Undoubtedly, the development of global trade agreement between developed nations and developing nations accrues many benefits for both sides, these include;
i.    Free and fair trade between countries is encouraged. This helps developing countries by providing them with a steady market to advertise and sell products.
ii.    Increased liquidity of capital allowing investors in developed nations to invest in developing nations.
iii.    Corporations have greater flexibility to operate across borders
iv.    Reduction in tariffs and other fees. Due to the trade agreements present between partners, there is a concession given on each good or service rendered.
v.    Goods and people are transported with more ease and speed as a result of the partnership.

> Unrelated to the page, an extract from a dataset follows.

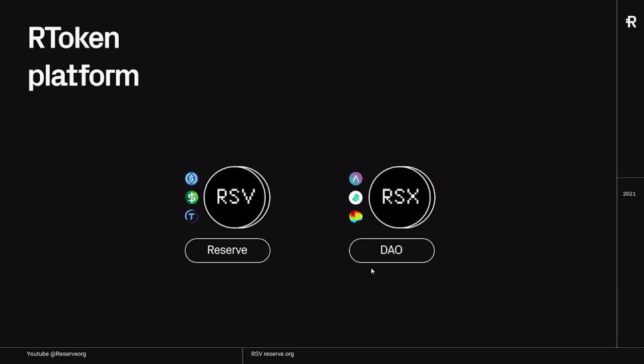The way we're going to market these two stablecoins is RSV is going to be the checking account in the Reserve app, and RSX is going to be the savings account in the Reserve app because it generates some yield.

vi.    Global mass media connects all the people in the world easily for different purposes. For example, the advent of the Internet enables a trader from Nigeria to communicate and purchase good/products from a manufacturer of an important commodity that is not readily available in Nigeria from another country, this goes a long way in reducing miscellaneous cost of travelling to the producing country.
vii.    Reduction of cultural barriers increases the global village effect.
viii.    Greater interdependence of nation-states.
ix.    Increases in environmental protection in developed nations.
x.    Enhances civil liberties and leads to a more efficient allocation of resources.
xi.    Globalization leads to lower prices, more employment, higher output and a higher standard of living for those in developing countries.
xii.    Environmental protection in developed countries increases

Although these very attractive advantages/benefits are associated with globalization, a number of developing countries such as Haiti, Myanmar, the Central African Republic and Burundi rank as the least globalized countries in the world.

The above mentioned proofs to all and sundry that globalization is the key to development as it makes virtually everything easy and accessible through well laid down communication systems and ease of trade through mutually benefitting agreements.